The Department of Housing Preservation and Development announced Wednesday that it had secured $1.65 million in grants to help expand the city’s only community land trust (CLT) and support two new ones.
Under a community land trust, a nonprofit typically takes ownership of government-held land, which gives them the power to ensure buildings on that land remain affordable to local residents for generations.
The $1.65 million comes from settlements the state negotiated with banks over practices that contributed to the housing crisis. The banks opted to have the nonprofit, affordable housing group Enterprise Community Partners oversee the CLT initiative.
Elizabeth Zeldin, a senior program director at Enterprise Community Partners, said the funding should help showcase the risks, benefits and best practices of community land trusts.
“It’s not a lot of money; it’s a one-time infusion of capital,” she said. “But we’re looking to this as a demonstration of what works … so in the future, [community land trusts] can go to more traditional public and private financing sources.”
The grant includes $250,000 to help community groups and developers learn about CLTs through training and exchanges.
The funding will direct $400,000 to the Cooper Square Community Land Trust, which has owned housing on the Lower East Side for 20 years and is looking to expand its portfolio in the neighborhood.
Tom Angotti, chairman of the Cooper Square CLT, said the organization had helped the Lower East Side maintain 340 affordable condos and rentals while the neighborhood around them gentrified.
“The other real critical element is the community,” he said. “There are community members sitting on the board who know the community, have been around the community and are long-time advocates for affordable housing.”
Angotti said the new funding would help the CLT get loans to buy vacant or rundown buildings from the city and repair them.
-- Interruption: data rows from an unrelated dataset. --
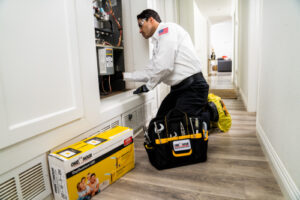 Heat Pump Services in Clearwater, FL, technician kneeling working on equipment inside hallway of home.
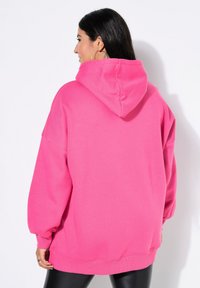 Kobieta z długimi ciemnymi włosami, nosząca duże kolczyki w kształcie kół i jasnoróżowy, oversize'owy hoodie, pokazana od tyłu na białym tle.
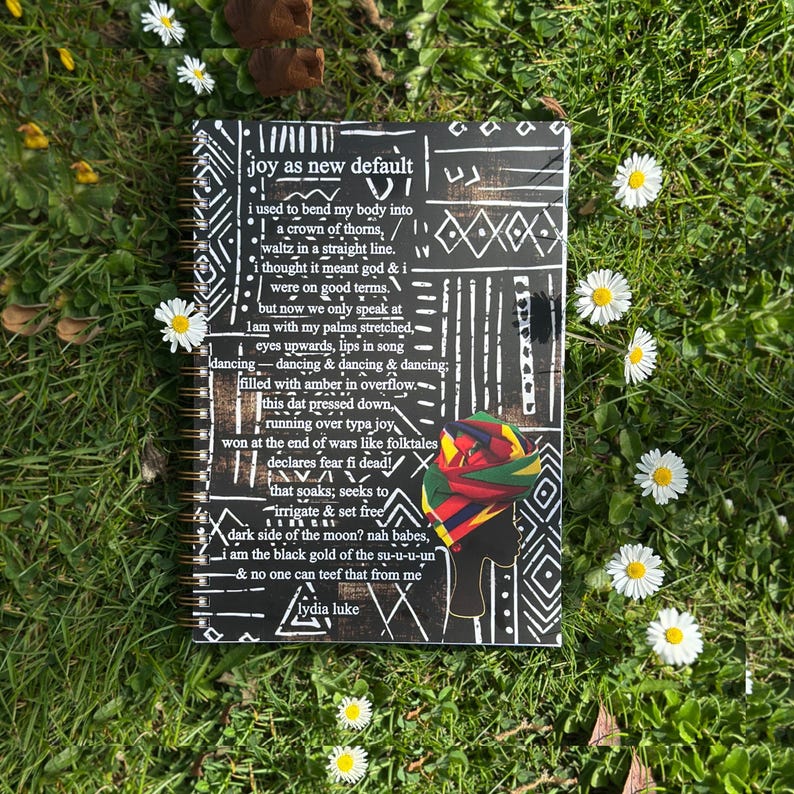 May include: A black and white notebook with a colorful patterned cover. The cover features a poem titled "joy as new default" by Lydia Luke. The poem is about finding joy in unexpected places.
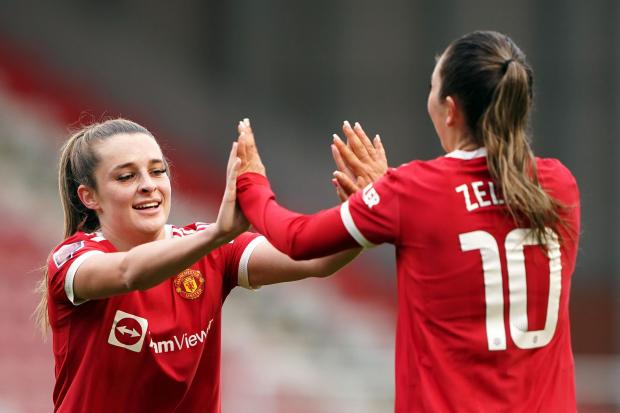 Manchester United’s Ella Toone (left) and Katie Zelem celebrate their side’s first goal of the game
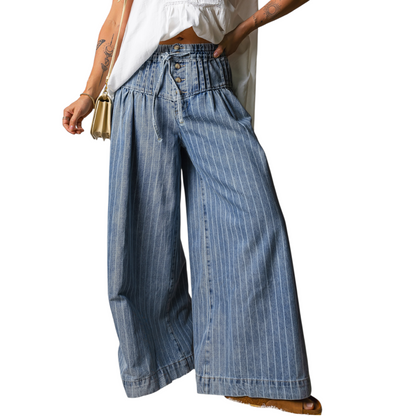 Person wearing blue denim wide-leg pants on a white background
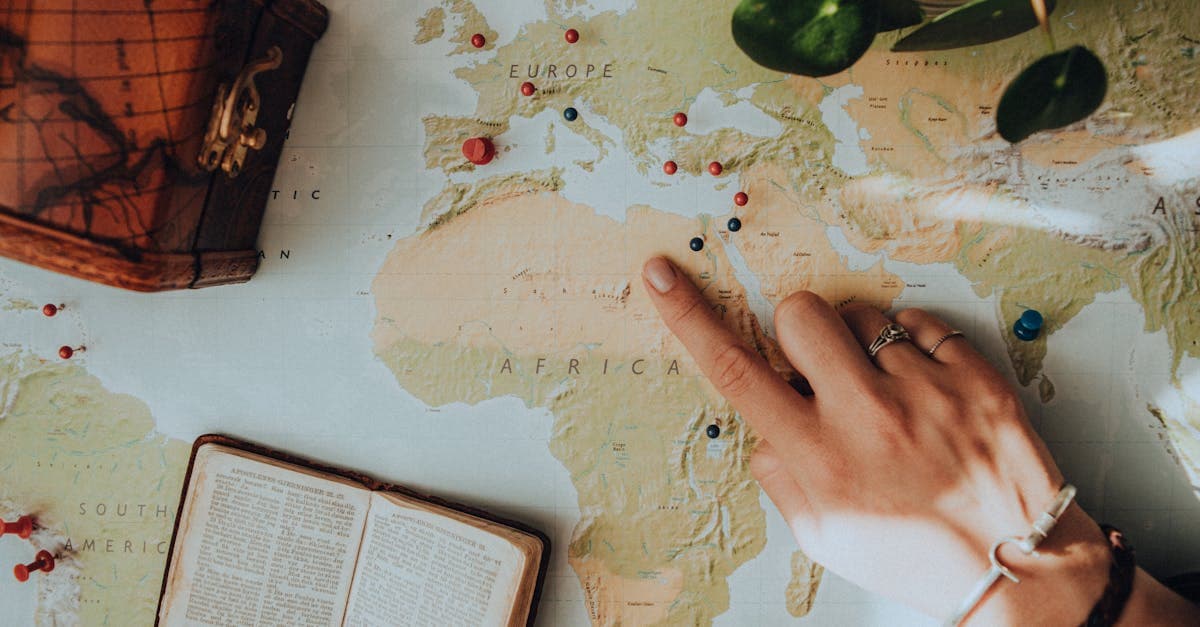 Bàn tay chỉ vào bản đồ cùng đồ dùng du lịch, minh họa khái niệm itinerary một cách trực quan.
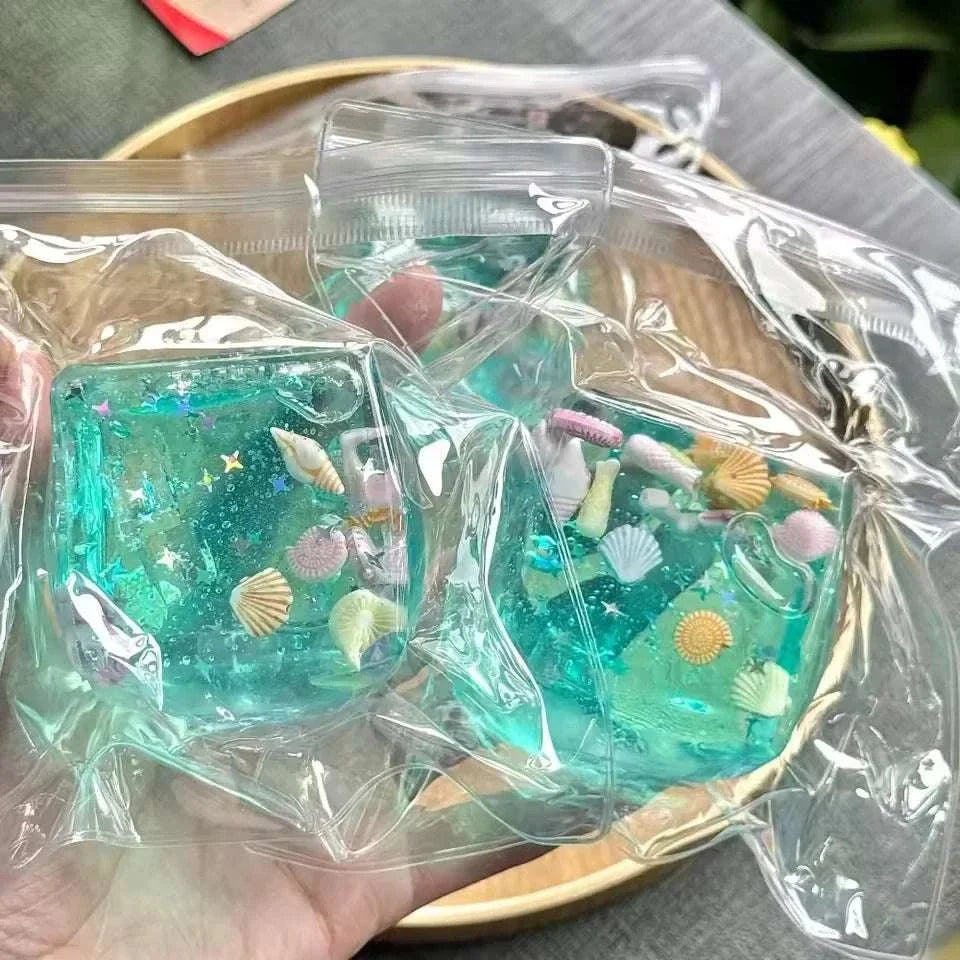 Squishy Ocean Fidget sensory stress ball in translucent turquoise gel with glitter and colorful miniature seashells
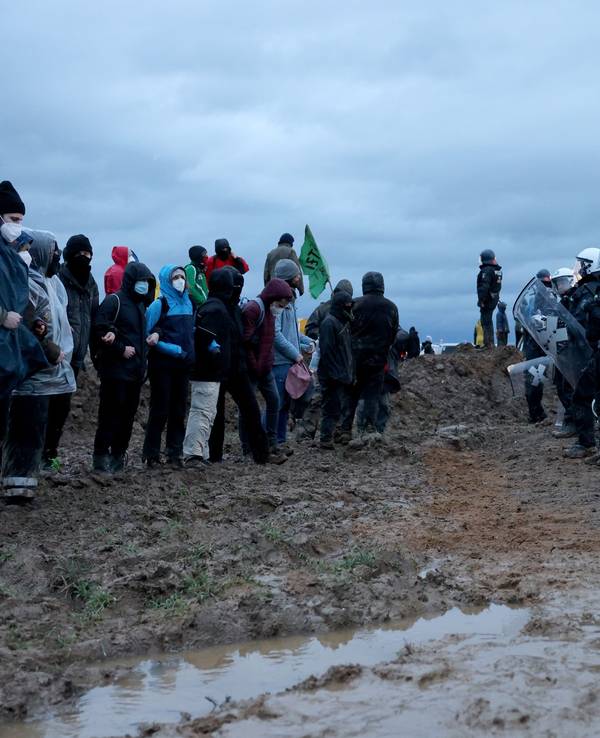 Polizisten und Demonstranten stehen sich bei der Demonstration von Klimaaktivisten am Rande des Braunkohletagebaus bei Lützerath gegenüber.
But Angotti said it was too early to tell which properties may be purchased.
About $500,000 is set aside for the forthcoming Interboro CLT, which plans to help lower-income families buy homes in central Brooklyn, southeast Queens, and eventually, citywide.
The group has identified about 150 sites where homes could be developed, according to Christie Peale, executive director of the Center for NYC Neighborhoods, one of several organizations planning to form the Interboro CLT.
Another $500,000 is slated for the East Harlem/El Barrio CLT. The group aims to offer apartments that are affordable to those earning under $30,000 annually, according to its vice chair, Lynn Lewis.
The trust anticipates that two distressed rental buildings will opt to join, according to Lewis. She said the CLT would like to acquire all the city’s vacant lots in East Harlem.
“They’re an asset of this community, and we want to make sure that the people that are here or that want to come home benefit from those,” Lewis said, noting that many East Harlemites have become homeless.